FURÛĞ-İ FERRUHZÂD

Akademik

 

Furûğ-i Ferruhzâd

(1934-1966)

Prof.Dr. Nimet Yıldırım

Farsça edebiyatın bütün zamanlarında en büyük kadın şairi Pervîn-i İtisâmî’den sonra ikinci sırada yer alan Furûğ-i Ferruhzâd, 1934 yılında Tahran'da dünyaya geldi. Çocukluk ve gençlik dönemlerini orta halli bir aile ortamında geçirdi. Bir ordu görevlisi babası Muhammed-i Ferruhzâd, çocuklarının eğitiminde kendine özgü bir tarz izleyerek, Furûğ’un ifadesiyle onları askeri disiplinle yetiştirmeğe çalışıyordu. Furûğ, ilkokulun ardından Kız Sanat Mektebi’ne devam etti. Daha sonra Güzel Sanatlar Akademisi’nde ressamlık eğitimi gördü. Bu sanatların etkileri şiirlerinde de göze çarpmaktadır. On altı yaşındayken annesinin akrabalarından o dönemler İran’ın hiciv yazarları arasında yer alan kendisinden on beş yaş daha büyük Pervîz-i Şâpûr ile ailelerinin karşı çıkmalarına rağmen evlenen Furûğ, bir süre sonra anlaşmazlık gerekçesiyle hem eşinden ve hem de Kâmyâr adlı oğlundan ayrılmak zorunda kaldı. [1]

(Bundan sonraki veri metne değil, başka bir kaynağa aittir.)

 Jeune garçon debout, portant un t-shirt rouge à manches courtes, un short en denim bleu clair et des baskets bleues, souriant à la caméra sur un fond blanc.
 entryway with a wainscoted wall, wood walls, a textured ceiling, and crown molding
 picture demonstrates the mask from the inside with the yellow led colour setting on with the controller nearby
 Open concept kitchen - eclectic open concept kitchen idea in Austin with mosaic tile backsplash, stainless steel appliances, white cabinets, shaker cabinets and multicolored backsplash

On üç-on dört yaşlarında şiir yazmaya gazel ile başlayan Furûğ, şairliğinin ilk yıllarına ait bu gazellerinin hiçbirini neşretmedi. İlk şiirleri Hândenîhâ adlı dergide yayınlandı. Sanat hayatının kapılarını bir şair ve ressam olarak aralayan Furûğ, 1333 hş./1954 yılından itibaren şiir kitaplarını yayınlamaya başladı. Daha sonraları bu iki uğraşına yedinci sanat olarak adlandırılan sinemayı da ekledi. 1337 hş./1958 yılından itibaren film teknikleri ve sinemayla da yakından ilgilenmeye başlayan Furûğ'un hayatında yedinci sanatın da oldukça önemli yeri vardı. Dönemin ünlü sanatkârları ve yazarları arasında yer alan İbrâhîm-i Gulistân ile birlikte başta sinema olmak üzere çeşitli alanlarda çalışmalarda bulundu. “Gulistân Film”de onunla birlikte yıllarca çalıştı. 1959 yılında ilk olarak sinema alanında araştırmalar yapmak, film teknolojisiyle yakından tanışmak ve projelerini gerçekleştirme için ortam hazırlama amacıyla İngiltere'ye gitti. 1960’da İngiltere’den döndükten sonra sinemayla daha yakından ilgilenmeye başladı. İbrâhim-i Gulistân ile birlikte birkaç kısa metrajlı filme imza attı. Bu dönemin hatırası Tebriz'de çekimlerini gerçekleştirdiği “Hâne Siyâh Est” adlı filmidir. Söz konusu film, 1963 yılında Batı Almanya’da düzenlenen bir film festivalinde en iyi belgesel ödülü aldı. [2]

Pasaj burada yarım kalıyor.